Tag Archives: graphic novel

Jimmy Corrigan: The Smartest Kid on Earth

I think what keeps me from reviewing this graphic novel is the fear of being sucked back into the depression of it all over again. So I sit here staring at the blank screen that is in one incarnation or another over 24 hours old now. Which I’ll have you know isn’t all that uplifting itself, even by comparison. Therefore, I’m going to buckle down and power through it.

So there’s this dude, Jimmy Corrigan, right? He is named after his grandfather. In one timeline, adult semi-modern Jimmy is slouching towards middle-age in an apparently dead-end job with only his nursing home resident mother for real human contact. In the other timeline, young James is trying to survive his abusive father’s daily tirades while navigating the casually racist turn of the century Chicago school system. Both of these people are missing a parent, both of them are desperately unhappy with their circumstances, and both of them are due for a gradually worsening spiral from these rosy points of origin.

Without all of the misery bringing me down, there would have been a lot of interesting things to take note of. For example, the women in Jimmy’s life almost never have faces. (Notably, the only ones that do are women that James has seen.) Both men have vibrant fantasy lives; James’ allows him to briefly escape his genuinely tragic circumstances, while Jimmy’s is mostly farcical reimaginings of how his life might be going instead, each of them ending more pathetically than the already quite low reality. I suppose the point of the exercise is to watch each of them gradually get past their current lives and into a better place? I will opt not to reveal the secret answer to this question. I am willing to divulge that Jimmy Corrigan is not the smartest kid on earth. In fact, that may have been an example of this newfangled irony thing I keep hearing about.

Preacher: Proud Americans

The only problem with modern graphic novels is that they fly by entirely too fast. I feel like I’m doing the art this massive disservice, even though I try my very best to linger over it. In any case, I continue to greatly enjoy the Preacher series, which as of this afternoon I am now a third of the way through. If the second volume was meant to be a reflection upon family and love, then by all means Proud Americans is an investigation of friendship and loyalty.

Preacher’s third entry begins where the second left off: Cassidy the vampire is in, er, mortal danger, and only his friends Jesse Custer and Tulip can save him. Trouble is, it’s a trap set by the mysterious Grail order, tasked with maintaining the bloodline of (familiarly initialed) Jesus Christ and interpreting the signs that will tell them when to trigger the apocalypse. Rife with fortunate meetings, fatherly reflections, fallen angels, flying bullets, Ferrari thefts, and literal fireworks, it’s not hard to see why I’m enjoying this thing so much. Sure, Jesse doesn’t get much closer to his showdown with God, and it’s possible by the end that he’s finally made an enemy he can’t afford to have.
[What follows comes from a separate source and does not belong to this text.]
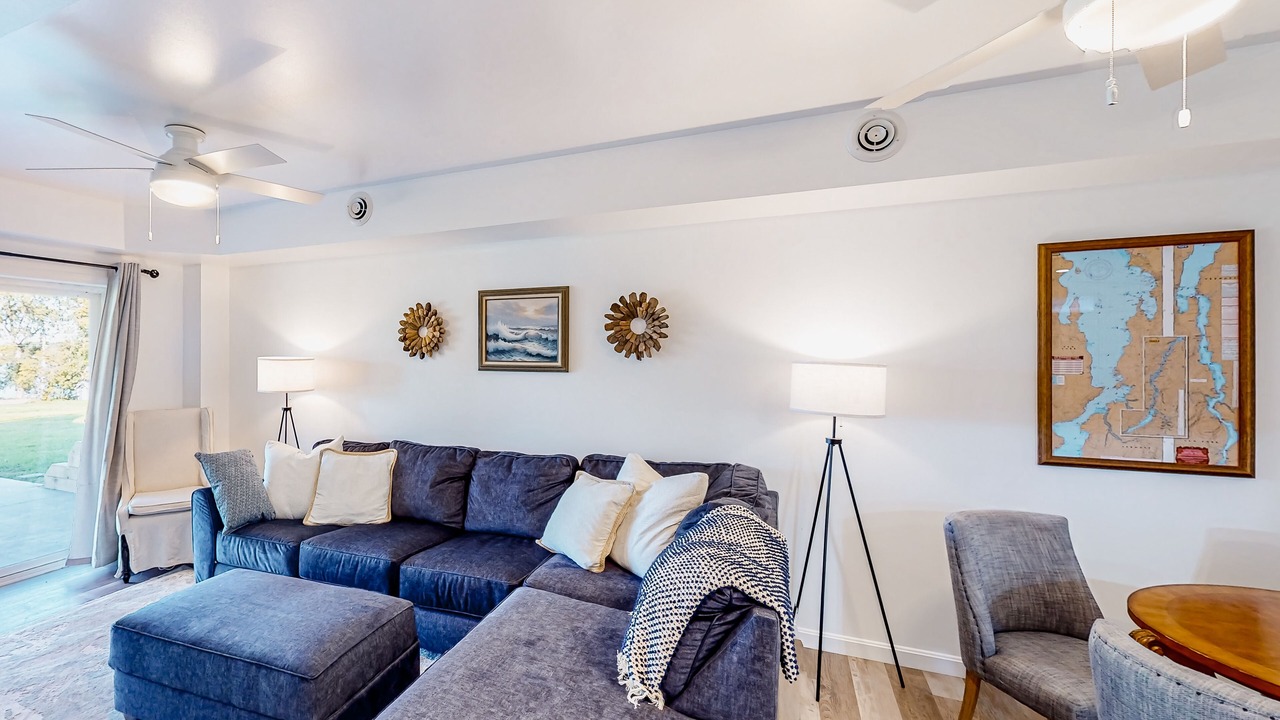 Photo of Livingroom in North Hero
But with so many perfectly captured moments whirling through my head right now, I won’t have any problem letting myself wait a few months to see what happens next.

I’m left annoyed by what seems to me to be an unnecessary misstep, though. With so many fully realized heroes and villains wandering through the piece, it becomes lame that the few glimpses we’ve had of God leave him seeming so cartoonish by comparison. Obviously, I haven’t gotten nearly far enough into the thick of the plot to pass judgment (so to speak), but I anticipate being pretty disappointed if such a good story ends up being purposed mostly as an anti-religion wank. There’s way too much here for it to end up being petty.

Cowboys & Aliens

I have a local comics-y friend who acquired a copy of Cowboys & Aliens and immediately thought of me. Of course, I had just started a reasonably large book, so there has been delay. But that’s alright, as I’m here now. Apparently, you can get this slim graphic novel at your local store just by buying something else, and they slip it into your bag as a promotional item, I guess? Or maybe vast quantities of overstock.

That last one fits pretty well. The art is fine, but the plot is uninspired at best: when aliens crash-land in somewhere in the Old West, cowboys, Apaches, and settlers drop their petty feud over land theft and genocide in the face of a common foe who, sheerly by coincidence and I’m sure with no thought to parallelism, hopes to steal land and commit genocide. Then they have a fight, in which people die and things explode. My favorite part (and I refer here to my least favorite part) is the opening screencrawl segment in which all of the parallels that I earlier lied were coincidental are spelled out in excruciating detail before the book proceeds to unsubtly (but much more forgivably) present them via the plot. Explicitly, at one point.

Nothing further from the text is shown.